Once you are clear about your objectives, the next step is to look at your current activities and funding streams and consider whether any changes could be made. Are there ways in which you could diversify your sources of income, make cost savings or change your approach to more effectively advance your charity’s purposes? What are you already doing that could be improved? It can be tempting to look externally for solutions when times get tough, but internal restructuring can often be just as (and sometimes more) effective.

None of what has been said so far should be read as suggesting that collaborative working is a bad thing. It is certainly something to be explored, and there are a number of ways in which charities can work together. Arrangements can be informal and ad hoc, or more formal and set out in legally binding contracts.

Charities can set up cost sharing groups, or joint venture vehicles for the delivery of specific projects. They can also decide to formally merge, and there are a range of mechanisms to achieve this.

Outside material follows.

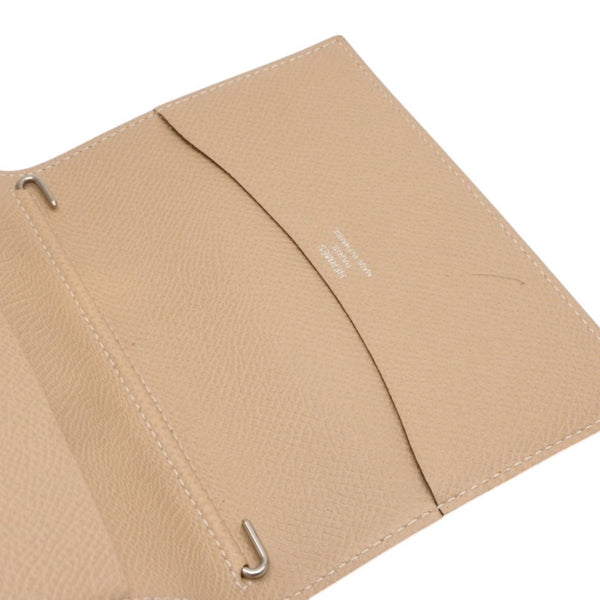 HERMES Notebook Cover Agenda X Engraved Vaux Epson Beige Gray Orange Good Condition Used 4a000791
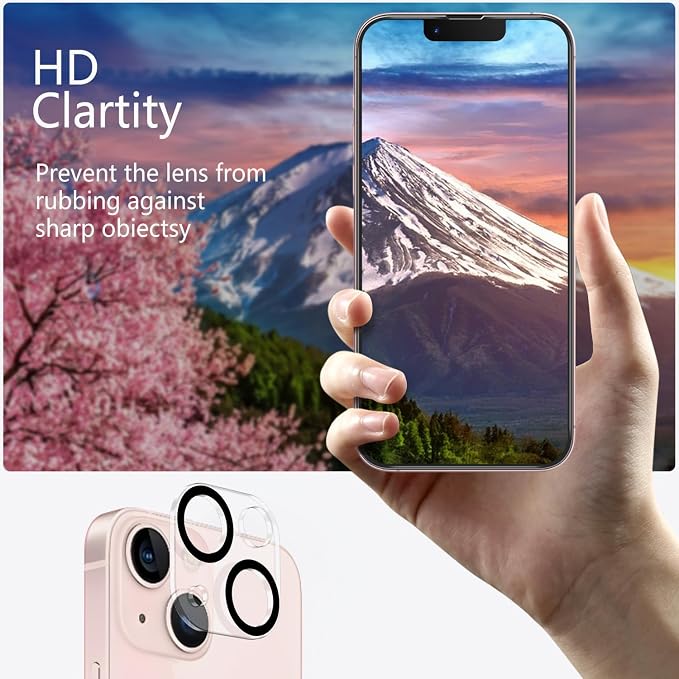 3 Pack Privacy Screen Protector for iPhone 13 +3 Pack Camera Lens Protector with Tempered Glass,Sensitive Touch and Screen Protection - Image 8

Even if you think that a merger is likely to be the best option for your charity, it is worth considering whether another type of collaboration might be useful as a first step. A contractual partnership to test the water as a preliminary step towards a merger might be a sensible approach, as it is far easier to dissolve a contractual collaboration than to unwind an unsuccessful merger.

Documenting arrangements

If you decide to proceed with an informal collaboration, or to work with other charities on a more ad hoc basis on specific projects and fundraising campaigns, it is not necessary to have anything in writing, but it is usually helpful to try to document what has been agreed. A non-binding Memorandum of Understanding might be beneficial, as this helps to focus the minds of all parties involved and avoid the risk of misunderstandings.

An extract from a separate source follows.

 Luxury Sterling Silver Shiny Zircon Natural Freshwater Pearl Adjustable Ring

For more formal arrangements, you should consider whether or not to consult with key stakeholders and beneficiaries. The more significant the arrangements, the more likely it is that consultations will be needed (and they should always take place in the context of mergers). Charity trustees have a duty to safeguard the assets of the charity, and its brand and reputation are arguably its most important assets.

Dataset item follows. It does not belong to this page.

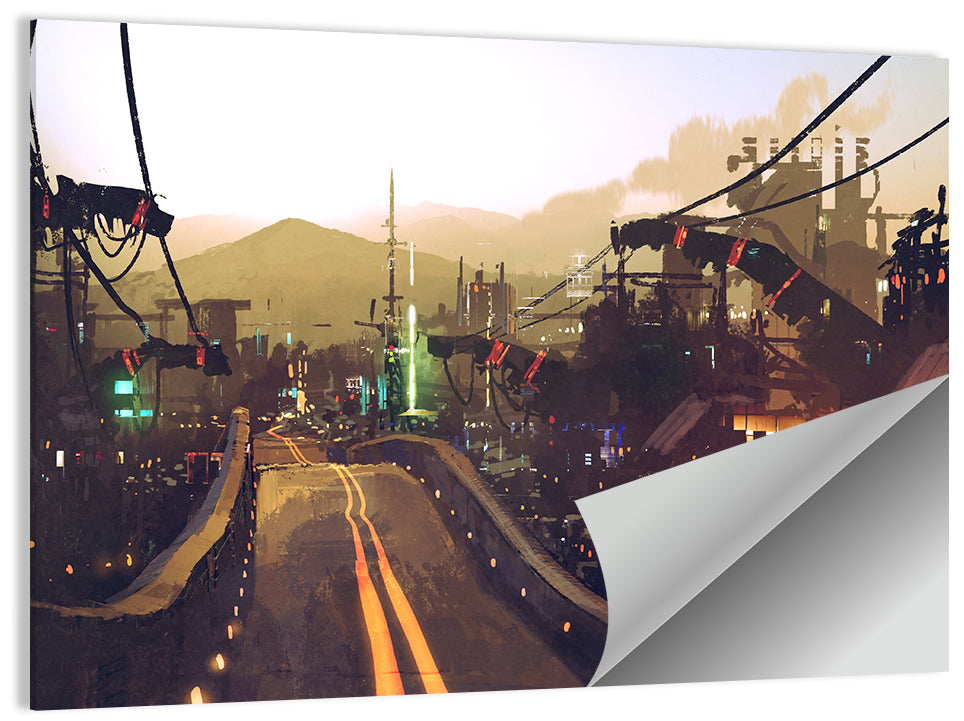 Futuristic Highway at Dusk Wall Art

The trustees are responsible for deciding what is in the charity's best interests, and are best placed to make those decisions. However, well advised trustees will always take into account the views of key stakeholders, beneficiaries and funders in their decision-making process.

Charity trustees who avoid making decisions that are based solely on fears and concerns about financial viability or long term sustainability of the charity, and instead take the time to be clear about their goals, consider all of their options, and look internally as well as externally, will ultimately reach a decision that they can feel confident is in the best interests of the charity.

Not failure

It might be that they decide to proceed with a merger, and if that decision has been reached after careful consideration and appropriate consultations, then it should not be seen as a mark of failure. A merger that is firmly grounded in clear objectives and a rationale for why it is in the charity’s best interests is a success story.